Иван Дмитриевич набрасывает на голову меховой капюшон. Говорит тихо:
— Надо идти, братки, дело к вечеру… Что ж вы стоите?
Тогда Петр Ширшов и Евгений Федоров с нарочитой веселостью сбегают со снежного холма и возвращаются на льдину. За ними идет Иван Папанин. Усиливается ветер.
Пройдя немного, он останавливается, оглядывается и снова идет вперед.
Иван Дмитриевич покидает льдину последним. Идет медленно, задумчиво. Он кутается в малицу и снова стоит сгорбившись. За ним приходят моряки с кораблей, берут его под руки.
— Ну, пойдем, — говорит он, — пойдемте!
Под торжественные гудки ледоколов Папанин и Кренкель поднимаются по трапам на «Мурман», а Федоров и Ширшов — на «Таймыр». Среди флагов, расцветивших ледовые корабли, поднимаются вымпелы: «На борту — депутаты Верховного Совета СССР».
«Таймыр» и «Мурман», перекликаясь гудками, освещая путь голубыми лучами прожекторов, начали разворачиваться.

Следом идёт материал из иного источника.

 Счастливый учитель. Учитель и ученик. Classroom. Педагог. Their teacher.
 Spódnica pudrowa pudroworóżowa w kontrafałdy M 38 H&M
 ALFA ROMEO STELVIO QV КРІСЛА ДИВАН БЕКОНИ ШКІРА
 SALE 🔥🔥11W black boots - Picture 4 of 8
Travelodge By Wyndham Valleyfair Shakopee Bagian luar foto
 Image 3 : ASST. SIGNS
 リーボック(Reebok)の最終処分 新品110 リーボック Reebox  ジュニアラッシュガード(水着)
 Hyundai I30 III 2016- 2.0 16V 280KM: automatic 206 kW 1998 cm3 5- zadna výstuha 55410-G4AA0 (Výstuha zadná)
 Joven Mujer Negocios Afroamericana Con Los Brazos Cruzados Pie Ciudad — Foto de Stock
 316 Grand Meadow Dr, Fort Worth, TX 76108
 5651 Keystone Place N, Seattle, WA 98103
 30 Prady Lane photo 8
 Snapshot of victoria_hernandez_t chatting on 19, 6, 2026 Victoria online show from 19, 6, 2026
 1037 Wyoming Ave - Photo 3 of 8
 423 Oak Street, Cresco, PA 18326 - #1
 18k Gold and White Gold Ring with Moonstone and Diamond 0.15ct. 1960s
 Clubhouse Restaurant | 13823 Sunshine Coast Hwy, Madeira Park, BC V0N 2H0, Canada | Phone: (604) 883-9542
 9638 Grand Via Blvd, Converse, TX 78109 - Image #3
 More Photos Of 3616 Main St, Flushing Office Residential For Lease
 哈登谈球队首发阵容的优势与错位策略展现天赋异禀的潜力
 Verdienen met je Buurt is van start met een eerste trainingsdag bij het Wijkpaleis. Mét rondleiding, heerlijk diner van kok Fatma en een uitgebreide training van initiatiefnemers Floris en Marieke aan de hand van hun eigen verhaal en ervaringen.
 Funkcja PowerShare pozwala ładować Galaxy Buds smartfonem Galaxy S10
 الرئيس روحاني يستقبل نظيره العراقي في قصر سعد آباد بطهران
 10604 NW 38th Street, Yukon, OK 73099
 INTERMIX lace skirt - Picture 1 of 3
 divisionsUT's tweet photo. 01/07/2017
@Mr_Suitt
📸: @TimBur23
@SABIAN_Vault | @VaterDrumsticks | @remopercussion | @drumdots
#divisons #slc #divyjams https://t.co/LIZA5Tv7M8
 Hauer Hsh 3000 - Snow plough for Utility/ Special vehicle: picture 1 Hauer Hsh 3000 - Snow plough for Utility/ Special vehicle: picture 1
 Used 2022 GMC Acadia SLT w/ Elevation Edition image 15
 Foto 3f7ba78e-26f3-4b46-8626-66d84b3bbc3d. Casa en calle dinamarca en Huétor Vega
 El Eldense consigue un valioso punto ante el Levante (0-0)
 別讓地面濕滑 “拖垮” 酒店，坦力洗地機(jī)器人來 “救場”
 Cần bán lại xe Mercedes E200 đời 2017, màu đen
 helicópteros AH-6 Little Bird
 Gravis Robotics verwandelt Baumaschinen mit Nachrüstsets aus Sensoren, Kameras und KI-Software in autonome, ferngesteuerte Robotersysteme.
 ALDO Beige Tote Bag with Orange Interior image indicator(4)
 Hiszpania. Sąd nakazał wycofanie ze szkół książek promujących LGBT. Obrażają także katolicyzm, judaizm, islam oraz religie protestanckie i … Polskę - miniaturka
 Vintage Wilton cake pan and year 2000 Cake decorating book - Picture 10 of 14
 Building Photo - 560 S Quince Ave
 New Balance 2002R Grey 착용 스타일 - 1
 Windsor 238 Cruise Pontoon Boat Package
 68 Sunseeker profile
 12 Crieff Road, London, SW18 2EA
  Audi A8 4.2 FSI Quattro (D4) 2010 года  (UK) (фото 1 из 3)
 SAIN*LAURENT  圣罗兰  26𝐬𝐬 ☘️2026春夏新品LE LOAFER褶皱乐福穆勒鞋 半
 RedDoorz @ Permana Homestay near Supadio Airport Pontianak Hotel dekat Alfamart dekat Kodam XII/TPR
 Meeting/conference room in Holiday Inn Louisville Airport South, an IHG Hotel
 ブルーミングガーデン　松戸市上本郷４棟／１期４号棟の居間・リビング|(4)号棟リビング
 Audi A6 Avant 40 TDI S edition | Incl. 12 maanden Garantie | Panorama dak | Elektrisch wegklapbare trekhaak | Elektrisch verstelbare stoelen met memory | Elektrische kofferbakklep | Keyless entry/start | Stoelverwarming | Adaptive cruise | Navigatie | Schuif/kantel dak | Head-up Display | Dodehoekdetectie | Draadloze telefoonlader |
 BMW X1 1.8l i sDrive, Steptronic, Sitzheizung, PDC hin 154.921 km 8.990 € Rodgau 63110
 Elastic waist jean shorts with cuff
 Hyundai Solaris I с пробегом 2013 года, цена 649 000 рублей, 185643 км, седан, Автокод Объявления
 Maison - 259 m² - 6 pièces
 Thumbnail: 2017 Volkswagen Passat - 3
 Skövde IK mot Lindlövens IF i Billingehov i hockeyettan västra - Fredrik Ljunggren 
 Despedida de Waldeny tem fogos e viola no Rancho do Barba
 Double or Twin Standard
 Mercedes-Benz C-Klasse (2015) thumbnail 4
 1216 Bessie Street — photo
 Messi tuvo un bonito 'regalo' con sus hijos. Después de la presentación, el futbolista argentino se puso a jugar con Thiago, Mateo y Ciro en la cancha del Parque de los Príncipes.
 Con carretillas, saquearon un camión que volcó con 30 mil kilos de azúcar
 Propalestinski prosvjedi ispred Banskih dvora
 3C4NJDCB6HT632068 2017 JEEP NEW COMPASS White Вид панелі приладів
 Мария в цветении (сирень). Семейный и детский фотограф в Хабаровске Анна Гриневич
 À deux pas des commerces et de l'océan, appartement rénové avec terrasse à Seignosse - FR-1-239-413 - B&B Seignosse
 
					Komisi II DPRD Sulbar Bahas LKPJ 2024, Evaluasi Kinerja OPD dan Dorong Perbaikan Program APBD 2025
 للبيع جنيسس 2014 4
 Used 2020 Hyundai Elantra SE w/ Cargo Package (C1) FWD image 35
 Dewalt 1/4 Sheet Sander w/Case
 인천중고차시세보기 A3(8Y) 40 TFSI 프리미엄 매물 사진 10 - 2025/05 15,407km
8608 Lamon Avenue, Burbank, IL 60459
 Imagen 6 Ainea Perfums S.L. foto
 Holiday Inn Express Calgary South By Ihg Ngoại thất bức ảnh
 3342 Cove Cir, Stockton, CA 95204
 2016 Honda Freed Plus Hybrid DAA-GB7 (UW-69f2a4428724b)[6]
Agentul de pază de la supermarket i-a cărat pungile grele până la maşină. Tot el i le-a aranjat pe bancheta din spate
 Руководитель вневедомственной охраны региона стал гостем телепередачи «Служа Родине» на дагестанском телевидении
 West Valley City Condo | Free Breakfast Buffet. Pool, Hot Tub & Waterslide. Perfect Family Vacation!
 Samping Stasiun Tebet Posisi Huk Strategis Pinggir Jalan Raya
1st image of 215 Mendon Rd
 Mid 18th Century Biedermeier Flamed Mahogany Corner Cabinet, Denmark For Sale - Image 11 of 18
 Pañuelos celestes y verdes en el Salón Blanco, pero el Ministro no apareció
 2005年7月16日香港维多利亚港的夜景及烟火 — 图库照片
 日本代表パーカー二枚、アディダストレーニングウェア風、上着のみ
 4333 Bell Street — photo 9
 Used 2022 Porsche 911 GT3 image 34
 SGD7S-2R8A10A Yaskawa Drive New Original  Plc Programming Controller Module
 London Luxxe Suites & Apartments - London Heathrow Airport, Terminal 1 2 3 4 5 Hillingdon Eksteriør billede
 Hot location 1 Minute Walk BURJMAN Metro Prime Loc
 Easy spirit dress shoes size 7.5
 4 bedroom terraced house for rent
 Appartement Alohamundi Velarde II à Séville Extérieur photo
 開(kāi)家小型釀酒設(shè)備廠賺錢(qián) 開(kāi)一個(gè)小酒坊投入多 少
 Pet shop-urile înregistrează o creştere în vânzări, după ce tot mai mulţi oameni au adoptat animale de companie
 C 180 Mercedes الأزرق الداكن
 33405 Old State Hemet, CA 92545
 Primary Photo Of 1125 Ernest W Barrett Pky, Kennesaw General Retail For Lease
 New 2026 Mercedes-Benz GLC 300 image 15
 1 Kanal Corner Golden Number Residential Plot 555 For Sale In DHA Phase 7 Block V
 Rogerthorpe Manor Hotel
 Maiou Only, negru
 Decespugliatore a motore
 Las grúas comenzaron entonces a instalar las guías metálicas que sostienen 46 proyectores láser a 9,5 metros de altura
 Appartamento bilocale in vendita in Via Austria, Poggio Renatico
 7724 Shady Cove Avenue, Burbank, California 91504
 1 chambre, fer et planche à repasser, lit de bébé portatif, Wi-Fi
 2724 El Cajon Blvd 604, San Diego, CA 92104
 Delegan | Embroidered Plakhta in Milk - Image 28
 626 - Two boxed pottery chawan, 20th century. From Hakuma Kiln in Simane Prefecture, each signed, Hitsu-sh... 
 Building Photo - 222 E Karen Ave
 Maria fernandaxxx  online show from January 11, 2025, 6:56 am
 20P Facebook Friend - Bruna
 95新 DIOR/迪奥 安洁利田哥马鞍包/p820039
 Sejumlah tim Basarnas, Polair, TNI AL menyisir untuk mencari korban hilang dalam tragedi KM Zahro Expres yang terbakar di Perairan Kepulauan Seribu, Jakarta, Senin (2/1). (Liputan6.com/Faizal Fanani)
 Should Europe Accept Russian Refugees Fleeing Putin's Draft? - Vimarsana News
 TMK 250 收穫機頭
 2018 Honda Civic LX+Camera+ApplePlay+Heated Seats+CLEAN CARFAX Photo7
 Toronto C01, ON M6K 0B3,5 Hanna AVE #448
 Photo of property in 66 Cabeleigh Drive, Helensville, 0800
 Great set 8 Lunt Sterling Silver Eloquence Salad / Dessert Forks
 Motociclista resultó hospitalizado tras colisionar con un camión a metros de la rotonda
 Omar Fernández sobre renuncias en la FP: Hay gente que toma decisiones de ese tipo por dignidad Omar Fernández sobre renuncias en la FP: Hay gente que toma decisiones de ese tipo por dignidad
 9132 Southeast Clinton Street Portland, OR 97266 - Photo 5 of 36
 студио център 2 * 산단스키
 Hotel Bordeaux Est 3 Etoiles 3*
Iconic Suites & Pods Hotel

Иван Папанин и Эрнст Кренкель стояли на капитанском мостике «Мурмана», усталые, грязные и обветренные, в меховых костюмах, но с обнаженными головами. Измятые и порванные шапки-ушанки они засунули за пояса, которые отвисли под тяжестью револьверов и охотничьих ножей. Ветер ерошил давно не стриженные волосы. Кто-то сказал Папанину: «Пожалуйста, в каюту, там уже все готово!» Иван Дмитриевич коротко ответил: «Сейчас!» — но продолжал стоять на мостике.
В радиорубках кораблей уже бушевала буря. Широковещательные станции разных стран прерывали свои программы, дикторы оглашали последнюю радиограмму станции «Северный полюс» — спокойную, деловитую, будничную. Радиограмма передавалась по всей Европе, неслась в Америку, гордо звучала на всех языках. Она завладела короткими и длинными волнами, и, по образному выражению Кренкеля, «в эфире стало тесно». А советские люди, завершившие этой радиограммой свою исследовательскую деятельность на дрейфующей льдине, стояли на ледокольных пароходах и молча прощались с ней. Льдина уже скрылась во мгле, дрейфующая станция или, вернее, ее остатки — были позади.
— Что ж, Дмитрич, пойдем! — сказал Кренкель. И они начали молча спускаться в каюту.
За ними шли моряки, пробившиеся к станции «Северный полюс» через свирепые штормы и грозные льды. Люди поддерживали Папанина и Кренкеля, когда они шли по скользкой палубе, заботливо предупреждали:
— Потихонечку… осторожно — там ящики… Эрнст Теодорович, нагнитесь — низкая дверь…
Они шли тихо и осмотрительно, с детской послушностью. Кренкель складывался вдвое, влезая в низкую дверь.
— Вот ваша каюта, — показал старший помощник капитана, — ванны уже приготовлены…
Папанин и Кренкель вошли в каюту и остановились в нерешительности. Обычно хлопотливый, деятельный Иван Дмитриевич осматривался по сторонам, ощупывал накрахмаленные простыни, новые черные костюмы, приготовленные для них, почему-то снял телефонную трубку. Усмехнулся: «Давно не звонил по телефону! Давай раздеваться, Теодорыч…»
Не дожидаясь этого приглашения, Кренкель сбросил с себя меховую рубашку. Папанин сиял меховые унты, осмотрел их.
— Полазил я в них по торосам… Пора и им на покой!